→ **RECORDED INFORMATION**:
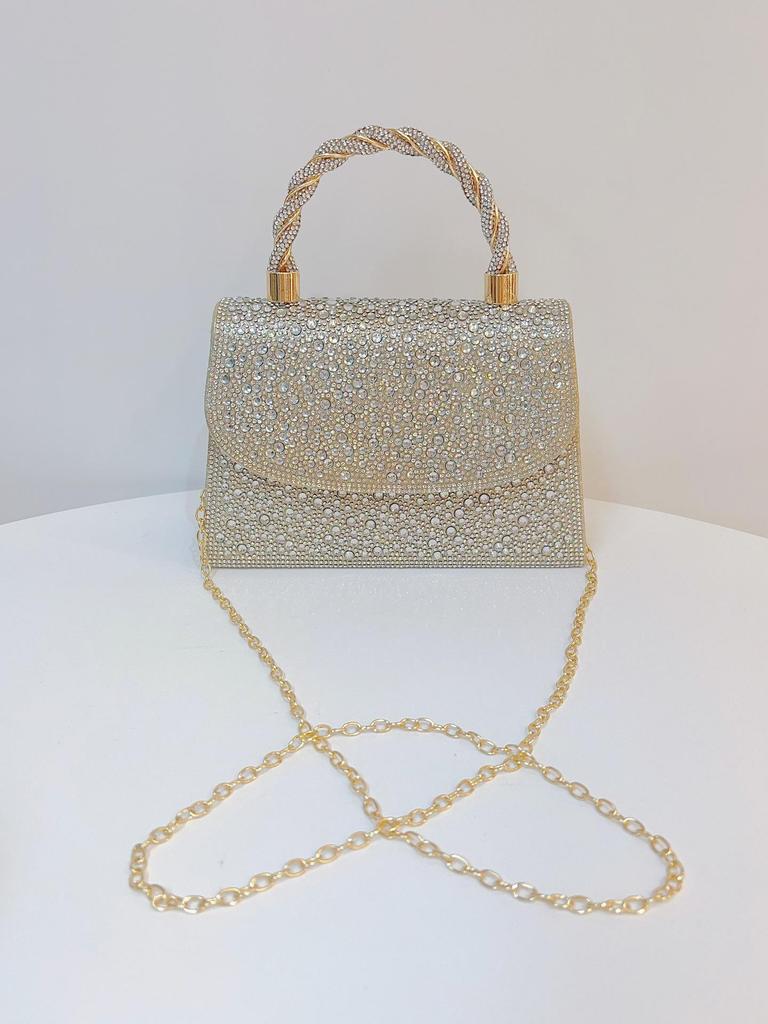 Elegant French Diamond Rhinestone Evening Handbag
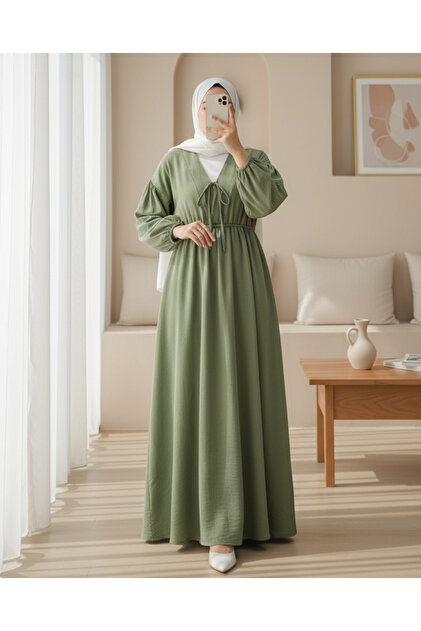 Modamorfo Muslin Dress with Tie Collar, Sleeves and Elastic Waist - Green-  Trendyol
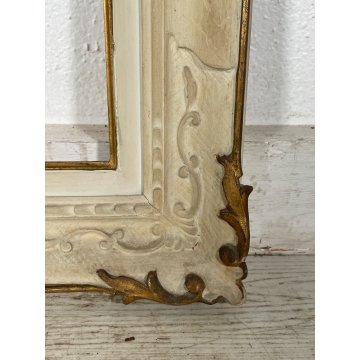 ANTICA PICCOLA CORNICE BIANCA DORATA LEGNO SCOLPITO 58 cm x 48 cm EPOCA '900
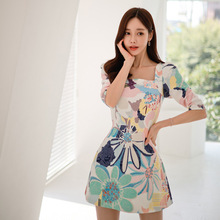 2024夏季新款 韩版方领时尚高级感提花七分袖性感包臀连衣裙7587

→ **TASK**: In this exercise, set down all of the data exactly, without the pictures.

→ **TASK OUTPUT**:
 Elegant French Diamond Rhinestone Evening Handbag
 Modamorfo Muslin Dress with Tie Collar, Sleeves and Elastic Waist - Green-  Trendyol
 ANTICA PICCOLA CORNICE BIANCA DORATA LEGNO SCOLPITO 58 cm x 48 cm EPOCA '900
 2024夏季新款 韩版方领时尚高级感提花七分袖性感包臀连衣裙7587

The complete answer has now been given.